The moral of the story is: Higher confidence levels tend to produce wider confidence intervals. When looking at Figure 8.29 it is important to keep in mind that we kept the sample size fixed at \(n\) = 50. Thus, all \(10 \cdot 3 = 30\) random samples from the bowl had the same sample size. What happens if instead we took samples of different sizes? Recall that we did this in Subsection 7.2.4 using virtual shovels with 25, 50, and 100 slots.

Impact of sample size

This time, let’s fix the confidence level at 95%, but consider three different sample sizes for \(n\): 25, 50, and 100. Specifically, we’ll first take 10 different random samples of size 25, 10 different random samples of size 50, and 10 different random samples of size 100. We’ll then construct 95% percentile-based confidence intervals for each sample. Finally, we’ll compare the widths of these intervals. We visualize the resulting 30 confidence intervals in Figure 8.30. Note also the vertical line marking the true value of \(p\) = 0.375.

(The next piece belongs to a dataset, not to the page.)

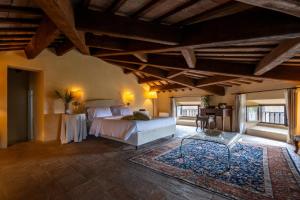 1 dormitorio con 1 cama y 1 mesa en una habitación en Palazzo Viviani Castello di Montegridolfo en Montegridolfo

Ten 95% confidence intervals for \(p\) with \(n = 25, 50,\) and \(100\).

FIGURE 8.30: Ten 95% confidence intervals for \(p\) with \(n = 25, 50,\) and \(100\).

Observe that as the confidence intervals are constructed from larger and larger sample sizes, they tend to get narrower. Let’s compare the average widths in Table 8.3.

TABLE 8.3: Average width of 95% confidence intervals based on \(n = 25\), \(50\), and \(100\)
Sample size Mean width
n = 25 0.380
n = 50 0.268
n = 100 0.189

The moral of the story is: Larger sample sizes tend to produce narrower confidence intervals. Recall that this was a key message in Subsection 7.3.3. As we used larger and larger shovels for our samples, the sample proportions red \(\widehat{p}\) tended to vary less. In other words, our estimates got more and more precise.

Recall that we visualized these results in Figure 7.15, where we compared the sampling distributions for \(\widehat{p}\) based on samples of size \(n\) equal 25, 50, and 100. We also quantified the sampling variation of these sampling distributions using their standard deviation, which has that special name: the standard error. So as the sample size increases, the standard error decreases.

In fact, the standard error is another related factor in determining confidence interval width. We’ll explore this fact in Subsection 8.7.2 when we discuss theory-based methods for constructing confidence intervals using mathematical formulas. Such methods are an alternative to the computer-based methods we’ve been using so far.